*What is required:*
Restate word for word the lines of the entries below, starting with the line that holds "figurka ceramiczna" and ending with the line that holds "Used 2022 Audi", and no others.

(Web page caption snippets)
========

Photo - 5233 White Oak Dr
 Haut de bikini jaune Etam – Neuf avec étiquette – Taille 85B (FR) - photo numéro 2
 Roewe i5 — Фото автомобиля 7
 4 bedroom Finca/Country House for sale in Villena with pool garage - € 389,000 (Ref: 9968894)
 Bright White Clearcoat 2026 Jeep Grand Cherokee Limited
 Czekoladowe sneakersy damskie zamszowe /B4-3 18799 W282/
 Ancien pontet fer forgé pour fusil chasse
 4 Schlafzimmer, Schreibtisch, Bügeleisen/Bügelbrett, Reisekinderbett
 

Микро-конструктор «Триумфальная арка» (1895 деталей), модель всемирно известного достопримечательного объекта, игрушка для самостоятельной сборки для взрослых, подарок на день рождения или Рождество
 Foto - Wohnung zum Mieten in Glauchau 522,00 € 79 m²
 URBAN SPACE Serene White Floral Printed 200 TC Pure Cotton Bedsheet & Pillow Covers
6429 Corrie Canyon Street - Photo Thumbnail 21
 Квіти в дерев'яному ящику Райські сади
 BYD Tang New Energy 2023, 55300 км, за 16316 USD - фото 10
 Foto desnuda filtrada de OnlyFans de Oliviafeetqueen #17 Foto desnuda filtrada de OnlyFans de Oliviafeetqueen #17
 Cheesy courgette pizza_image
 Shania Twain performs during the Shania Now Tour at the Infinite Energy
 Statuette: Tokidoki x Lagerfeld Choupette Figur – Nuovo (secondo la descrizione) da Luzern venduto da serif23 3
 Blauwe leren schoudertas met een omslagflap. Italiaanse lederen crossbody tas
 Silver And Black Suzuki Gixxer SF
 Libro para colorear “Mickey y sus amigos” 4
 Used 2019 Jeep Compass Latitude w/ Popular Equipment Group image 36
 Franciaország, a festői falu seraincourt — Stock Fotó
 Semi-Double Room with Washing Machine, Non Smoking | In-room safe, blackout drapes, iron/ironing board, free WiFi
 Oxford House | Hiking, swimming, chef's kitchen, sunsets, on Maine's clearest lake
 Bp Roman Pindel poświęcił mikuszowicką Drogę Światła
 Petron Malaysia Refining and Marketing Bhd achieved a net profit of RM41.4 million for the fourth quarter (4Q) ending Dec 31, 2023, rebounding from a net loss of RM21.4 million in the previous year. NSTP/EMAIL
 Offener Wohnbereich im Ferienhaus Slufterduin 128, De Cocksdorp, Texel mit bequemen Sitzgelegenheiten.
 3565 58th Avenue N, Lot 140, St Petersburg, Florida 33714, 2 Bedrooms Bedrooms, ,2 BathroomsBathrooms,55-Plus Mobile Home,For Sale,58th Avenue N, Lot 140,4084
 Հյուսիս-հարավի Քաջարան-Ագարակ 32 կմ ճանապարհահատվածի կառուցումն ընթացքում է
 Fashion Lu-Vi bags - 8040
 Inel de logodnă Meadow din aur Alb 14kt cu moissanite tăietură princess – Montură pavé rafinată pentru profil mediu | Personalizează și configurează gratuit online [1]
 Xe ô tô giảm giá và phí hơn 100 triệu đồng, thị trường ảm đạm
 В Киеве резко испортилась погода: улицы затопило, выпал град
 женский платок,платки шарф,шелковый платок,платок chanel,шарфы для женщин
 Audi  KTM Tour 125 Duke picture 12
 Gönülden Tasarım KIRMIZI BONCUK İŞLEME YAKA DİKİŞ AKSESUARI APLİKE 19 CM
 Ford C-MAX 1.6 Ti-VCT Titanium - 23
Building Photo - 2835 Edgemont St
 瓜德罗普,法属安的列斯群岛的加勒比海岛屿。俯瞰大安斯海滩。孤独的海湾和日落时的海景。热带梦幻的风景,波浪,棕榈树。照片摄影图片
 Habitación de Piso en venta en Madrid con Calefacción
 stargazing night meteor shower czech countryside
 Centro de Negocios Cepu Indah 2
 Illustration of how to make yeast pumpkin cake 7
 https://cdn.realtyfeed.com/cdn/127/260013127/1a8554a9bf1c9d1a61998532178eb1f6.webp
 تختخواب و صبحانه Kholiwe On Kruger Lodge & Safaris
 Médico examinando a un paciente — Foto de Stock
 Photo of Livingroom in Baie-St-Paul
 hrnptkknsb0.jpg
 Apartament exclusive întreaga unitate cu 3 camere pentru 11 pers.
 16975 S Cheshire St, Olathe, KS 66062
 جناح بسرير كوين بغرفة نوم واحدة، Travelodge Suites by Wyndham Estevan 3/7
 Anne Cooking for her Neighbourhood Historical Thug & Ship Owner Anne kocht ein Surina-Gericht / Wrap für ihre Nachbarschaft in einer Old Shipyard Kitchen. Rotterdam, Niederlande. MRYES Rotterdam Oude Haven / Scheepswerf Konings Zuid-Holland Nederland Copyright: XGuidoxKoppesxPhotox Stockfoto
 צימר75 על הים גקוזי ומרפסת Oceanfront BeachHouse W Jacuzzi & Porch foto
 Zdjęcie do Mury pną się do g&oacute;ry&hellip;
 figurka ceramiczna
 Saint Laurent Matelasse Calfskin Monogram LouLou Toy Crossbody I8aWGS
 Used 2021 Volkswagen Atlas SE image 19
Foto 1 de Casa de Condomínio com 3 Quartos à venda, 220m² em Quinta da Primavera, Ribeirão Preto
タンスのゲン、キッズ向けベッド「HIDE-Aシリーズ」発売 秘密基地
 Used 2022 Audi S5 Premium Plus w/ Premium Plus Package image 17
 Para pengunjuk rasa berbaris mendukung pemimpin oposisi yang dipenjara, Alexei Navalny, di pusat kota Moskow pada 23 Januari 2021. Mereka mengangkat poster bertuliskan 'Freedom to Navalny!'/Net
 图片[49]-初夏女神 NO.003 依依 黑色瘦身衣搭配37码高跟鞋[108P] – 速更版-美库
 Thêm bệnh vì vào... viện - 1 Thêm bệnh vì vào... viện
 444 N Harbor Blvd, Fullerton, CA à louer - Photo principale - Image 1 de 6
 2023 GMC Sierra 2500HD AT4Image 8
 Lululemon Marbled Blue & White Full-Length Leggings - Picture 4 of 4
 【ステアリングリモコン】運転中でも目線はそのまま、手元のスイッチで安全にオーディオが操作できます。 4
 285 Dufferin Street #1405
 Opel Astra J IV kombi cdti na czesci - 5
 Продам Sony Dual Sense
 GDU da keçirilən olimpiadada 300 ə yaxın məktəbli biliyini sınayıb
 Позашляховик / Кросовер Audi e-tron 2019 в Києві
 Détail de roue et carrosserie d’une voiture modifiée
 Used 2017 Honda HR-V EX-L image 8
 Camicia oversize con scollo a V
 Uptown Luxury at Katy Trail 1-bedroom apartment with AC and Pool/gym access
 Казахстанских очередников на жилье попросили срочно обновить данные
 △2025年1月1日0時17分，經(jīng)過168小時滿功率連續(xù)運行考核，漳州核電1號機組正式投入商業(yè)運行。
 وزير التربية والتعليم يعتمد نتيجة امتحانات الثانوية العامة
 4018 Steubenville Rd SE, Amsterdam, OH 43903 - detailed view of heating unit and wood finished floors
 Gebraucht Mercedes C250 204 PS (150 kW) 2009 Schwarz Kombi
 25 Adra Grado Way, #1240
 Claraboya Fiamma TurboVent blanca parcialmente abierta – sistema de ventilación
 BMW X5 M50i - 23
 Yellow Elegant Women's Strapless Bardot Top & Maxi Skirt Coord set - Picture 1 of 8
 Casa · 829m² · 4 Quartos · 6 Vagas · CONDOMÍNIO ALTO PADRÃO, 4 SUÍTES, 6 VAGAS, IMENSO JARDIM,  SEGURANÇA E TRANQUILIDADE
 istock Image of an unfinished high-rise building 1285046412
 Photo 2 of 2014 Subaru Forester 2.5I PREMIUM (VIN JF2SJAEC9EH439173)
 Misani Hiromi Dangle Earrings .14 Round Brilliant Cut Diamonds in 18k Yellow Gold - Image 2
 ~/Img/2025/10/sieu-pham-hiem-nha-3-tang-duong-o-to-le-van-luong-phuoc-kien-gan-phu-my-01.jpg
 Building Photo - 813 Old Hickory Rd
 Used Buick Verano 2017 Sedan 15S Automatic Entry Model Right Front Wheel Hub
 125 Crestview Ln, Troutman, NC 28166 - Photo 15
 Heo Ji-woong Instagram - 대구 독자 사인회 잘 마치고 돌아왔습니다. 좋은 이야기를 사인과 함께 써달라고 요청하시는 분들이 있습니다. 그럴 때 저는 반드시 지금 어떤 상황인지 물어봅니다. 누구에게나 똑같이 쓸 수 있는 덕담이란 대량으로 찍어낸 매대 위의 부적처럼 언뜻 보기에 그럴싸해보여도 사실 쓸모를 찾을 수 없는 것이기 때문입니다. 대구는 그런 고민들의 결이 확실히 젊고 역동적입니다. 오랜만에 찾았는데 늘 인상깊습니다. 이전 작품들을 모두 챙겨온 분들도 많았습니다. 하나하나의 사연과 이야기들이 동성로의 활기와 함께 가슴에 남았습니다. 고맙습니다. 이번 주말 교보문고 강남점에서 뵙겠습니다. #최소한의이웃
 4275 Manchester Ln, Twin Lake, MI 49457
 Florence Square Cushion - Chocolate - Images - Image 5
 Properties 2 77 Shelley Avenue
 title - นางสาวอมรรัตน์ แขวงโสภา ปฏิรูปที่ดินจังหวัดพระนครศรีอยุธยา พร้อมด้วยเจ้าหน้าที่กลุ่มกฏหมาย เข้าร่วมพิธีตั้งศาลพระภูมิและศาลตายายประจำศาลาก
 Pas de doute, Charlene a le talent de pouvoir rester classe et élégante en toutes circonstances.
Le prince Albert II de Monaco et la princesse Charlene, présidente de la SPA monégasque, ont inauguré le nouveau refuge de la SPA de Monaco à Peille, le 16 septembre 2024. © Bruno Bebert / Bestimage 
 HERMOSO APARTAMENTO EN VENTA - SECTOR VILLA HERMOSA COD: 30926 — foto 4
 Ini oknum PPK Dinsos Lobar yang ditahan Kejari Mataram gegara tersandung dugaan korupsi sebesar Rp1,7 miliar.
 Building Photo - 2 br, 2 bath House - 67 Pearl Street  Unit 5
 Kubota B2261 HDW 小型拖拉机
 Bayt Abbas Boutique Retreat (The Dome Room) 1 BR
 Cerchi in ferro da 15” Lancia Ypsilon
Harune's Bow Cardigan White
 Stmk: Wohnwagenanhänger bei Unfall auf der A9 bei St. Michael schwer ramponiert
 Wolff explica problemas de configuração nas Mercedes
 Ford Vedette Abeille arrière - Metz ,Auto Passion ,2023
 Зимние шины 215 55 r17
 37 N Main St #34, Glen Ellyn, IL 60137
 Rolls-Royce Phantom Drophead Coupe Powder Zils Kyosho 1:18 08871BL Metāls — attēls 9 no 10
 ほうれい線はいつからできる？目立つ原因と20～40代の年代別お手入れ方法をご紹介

========

*Exercise response:*
 figurka ceramiczna
 Saint Laurent Matelasse Calfskin Monogram LouLou Toy Crossbody I8aWGS
 Used 2021 Volkswagen Atlas SE image 19
Foto 1 de Casa de Condomínio com 3 Quartos à venda, 220m² em Quinta da Primavera, Ribeirão Preto
タンスのゲン、キッズ向けベッド「HIDE-Aシリーズ」発売 秘密基地
 Used 2022 Audi S5 Premium Plus w/ Premium Plus Package image 17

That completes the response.